Little high, little low. Little hey, little ho.
This week started off with a super great experience. Monday
evening, our plans all fell through so we had decided that if that
happened, we would go and find someone new to teach! We were walking
through this parking lot at an apartment complex, there were lots of
people getting home from their Memorial Day adventures. We tried several
times to strike up a conversation with these people, to no success.
Haha, nobody wanted to talk to us. Some would start talking, then soon
after see our name tags and nearly run away or throw out funny excuses
of why they needed to take off. It was quite funny, but really
irritating too. Come on, we are fairly normal! So, we keep walking
around and decide we want to really follow what God wanted us to be
doing. Sister Benson told me to pick a door that I felt inclined to go
and knock on, since street contacting was not working. We walk for a bit
more, then I say, "Ok. 607, that's the one!" So we climb the flight of
stairs and knock, and wait. This young girl, about 18, comes out and is
so interested! Oh my gosh, it was so cool. We stood and talked with her
about the Book of Mormon and showed her the video, "Because of Him" for
about 15 minutes. She could not wait to start reading the Book of Mormon
and to meet with us again. Moments like that just make everything worth
it. We were able to talk to someone who was wanting, searching and
yearning to know. I love letting the spirit guide!
Well. We had a heart breaker the next day.
Like, reall heart breaker.

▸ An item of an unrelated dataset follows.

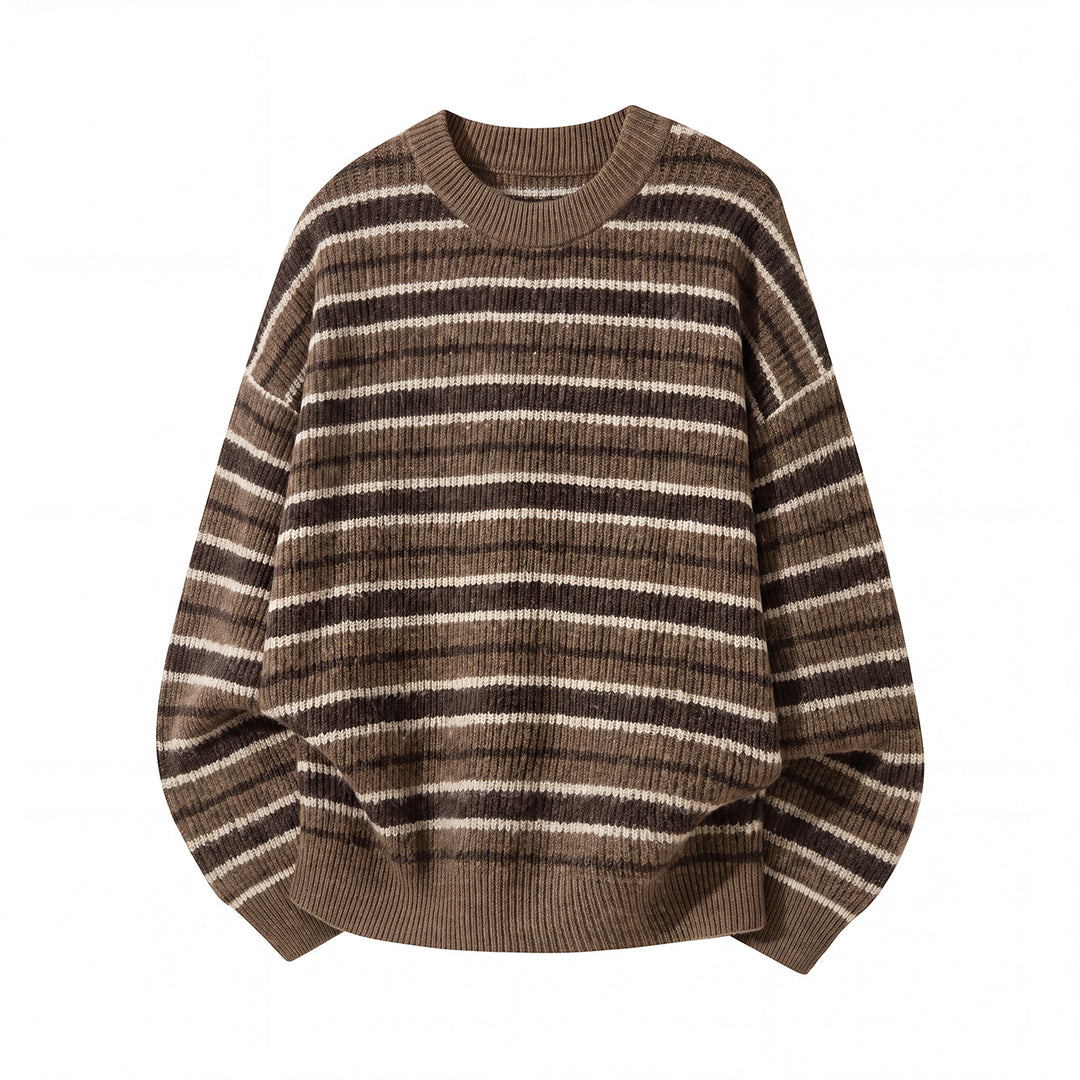 Unisex Gestreifter Oversize-Rippenstrickpullover mit Rundhalsausschnitt Drune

We went to see Florita again, we were going
to help her go through her belongings so she can get rid of her storage
unit. We climbed the stairs to her apartment and see on the front porch
her large print Book of Mormon we had brought by and a book from Relief
Society. Well, she was either studying outside this morning, or she is
about to kick us to the curb. It was the latter. I still feel like I am
about to cry as I think about it. Florita opened her door, started to
explain to us how she needs to stop meeting with us through her teary
eyes. She explained how hard it is for her to turn people away, but she
can't do it anymore because she was raised differently and doesn't feel
comfortable. We are pretty sure her kids talked to her and convinced her
that we were a bad influence. She felt so guilty and was torn between
them or us, so it is understandable. Our hearts ached as she handed us
the books back and we told, yet another wonderful woman, how much we
love her and that we still want to keep in touch and help her in anyway
she needs. We drove away and the tears just poured down out. Not again! I
was so sad and wondering how many more times my heart can handle this,
how many more people can I love and then let them turn away? I again
felt a little of how the Savior must feel when so many turned away from
Him and still turn away from Him. Each time it happens, it is after they
have a wonderful experience with the spirit, then they become afraid of
change and turn and run, as if it had never happened. My spirit is
lifted in joy when they experience the power of the Holy Ghost and love
it, but then totally and utterly crushed when they turn away from it.
It's ok though. It put me in a position where I could really figure out
why I am here and let myself be humbled enough to trust God more than
myself. Missionary work is most definitely not easy or convenient. It is
hard and draining and it sometimes runs you until you feel broken and
like there is absolutely nothing left within your heart to give. I felt
like I was experiencing a trust fall with God this whole week.
Experiences were pulling my feet out from under me and I was falling, I
tried using all of my own resources. Tried and tried and tried, until I
really felt beat. And I was falling, hard! Without falling, I never
could have been caught by God though. When we feel like we have nothing
left to give, we finally are humble enough to tell God, "Alright, that
was it, I have nothing left in me. No more love to give, no more ideas
of things to do. No more words to speak. Nothing, I have given my all
and am finally recognizing that I do need your help." I definitely got
to that point this week and I felt so weak! I am so grateful for that
though. I needed to be humbled, I needed to recognize that I cannot do
this on my own. I finally let myself fall into God's arms. My faith and
my heart is becoming stronger because of these experiences, these difficult experiences.
I love you all so very much. I have to get
going! I am doing great and am seriously so beyond thankful for this
time I have been given to learn so much. I feel so blessed. Thank you
for my letters, emails and packages this week! They brought me so much
joy and I felt so close to each of you who reached out to me. You really
are inspired in your words, they always speak something sweet and
needed to my spirit. I love you forever and always!